I have recently finished reading an in-depth analysis of the history of the practice of polygamy by the LDS Church. The analysis by Gregory L. Smith, MD (an astute amateur historian) was posted on the LDS Fair website at the end of November. It has taken me a long time to read it because I have read it in small chunks (the PDF version of the paper is 65 pages long). Some might find it dry, but I found it fascinating. Though Smith is admittedly an amateur, his paper rivals any PhD-generated material I have read on the subject.
Smith is open about the fact that he is writing from an apologetic standpoint. He states that he is attempting to answer the most common criticisms of the church’s involvement with polygamy. While the framework of his deeply researched analysis is historical, Smith analyzes the matter on legal, social, theological, and ethical bases as well. He tries to get the reader inside of the heads of church leaders and members involved in the matter.
Smith is not simply writing to critics, but also to Mormons. He suggests that few Mormons today understand the matter well due to their lack of understanding of the history and the many facets of the social setting of the era. As a lifelong member of the LDS Church, I thought I had a decent grasp of it, but I discovered many holes in my knowledge while reading the paper.
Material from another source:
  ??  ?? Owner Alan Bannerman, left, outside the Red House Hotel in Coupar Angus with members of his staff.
One of the main charges Smith seeks to blunt is the criticism of institutional lying about polygamy by church leaders and members. He painstakingly and methodically walks the user through the various facets of the matter so that the reader can ultimately come to a mental and emotional understanding of why the saints acted as they did. Smith classes most of the false statements as civil disobedience and choosing the least bad of the available options.
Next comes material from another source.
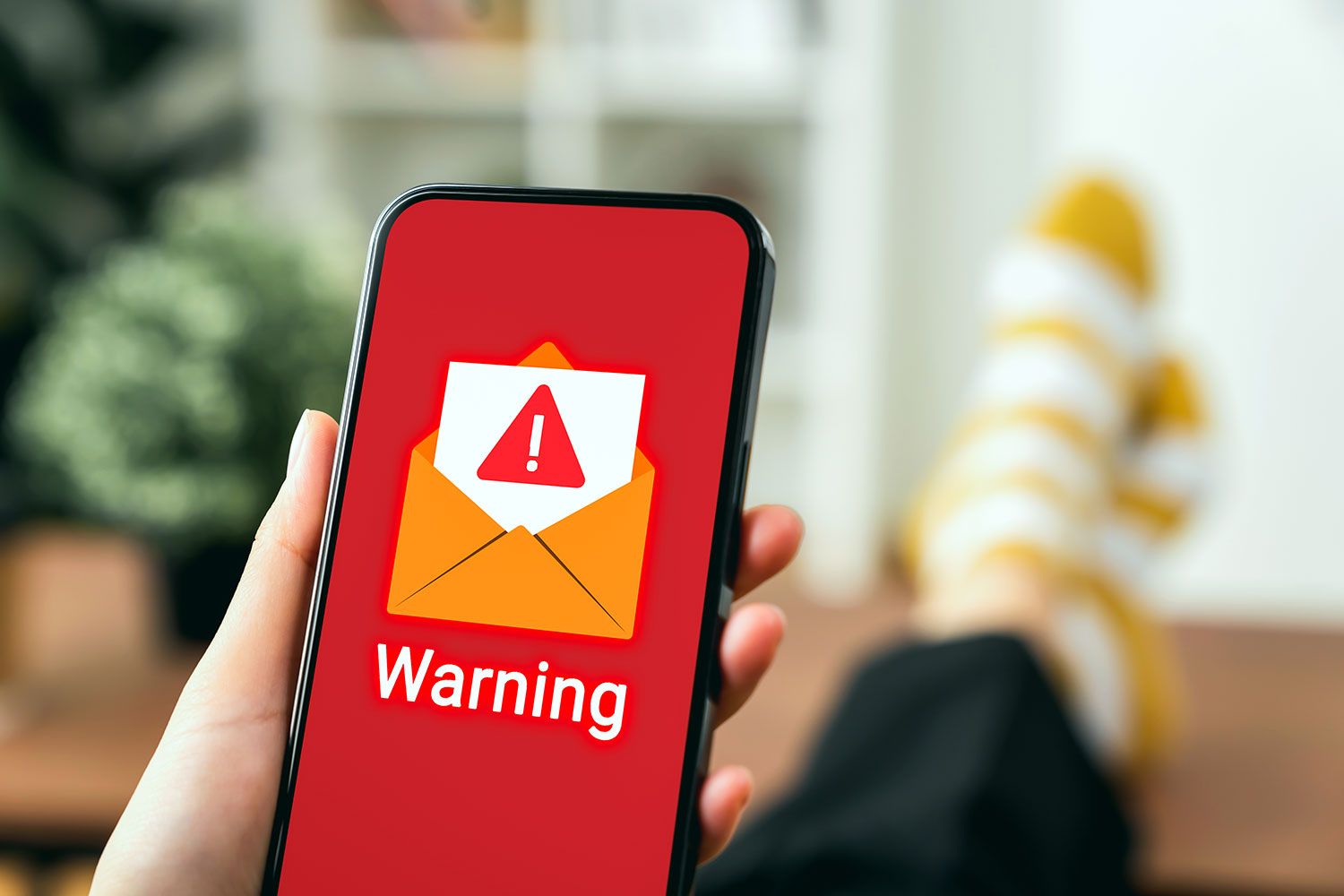 una persona mira una alerta de correo sospechoso en su smartphone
Smith works to help the reader understand that members of the church literally believed the practice of polygamy to be a commandment from God. They believed the U.S. government to be acting antithetical to moral laws and that, therefore, it was not only not wrong to lie to the government – it was a moral duty. He parallels this with good Dutch people lying to officials about hiding Jews during WWII. He also works to help the reader understand that the saints saw government oppression as war – legislative at first, to be sure – but later followed by police actions that rival some of the fascist actions against Jews in 1930s and ‘40s Europe. There was a very real threat of military action, which was even debated multiple times in Congress. The implication is that the ninth commandment to not bear false witness is abrogated during a time of war when deception becomes a higher moral duty to achieve a greater good.
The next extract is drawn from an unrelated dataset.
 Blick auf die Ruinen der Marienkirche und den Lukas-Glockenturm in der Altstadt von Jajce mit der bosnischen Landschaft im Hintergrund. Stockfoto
For me, the three most interesting sections of Smith’s paper are his discussion of the practice of polygamy after the 1890 Manifesto, the legal fallout from the unparalleled persecution of the saints that all citizens of the U.S. are still dealing with today, and his personal beliefs as to why the church practiced polygamy. I also enjoyed Smith’s treatment of the purpose of the 1890 Manifesto and how it was and is interpreted differently by church leaders and members at that time, the government and the public at that time, and members of the church today.
I highly recommend the reading of Smith’s paper for anyone that is truly interested in developing a better understanding of the LDS Church’s practice of polygamy. Be aware that this is not light reading, but it can be enlightening reading.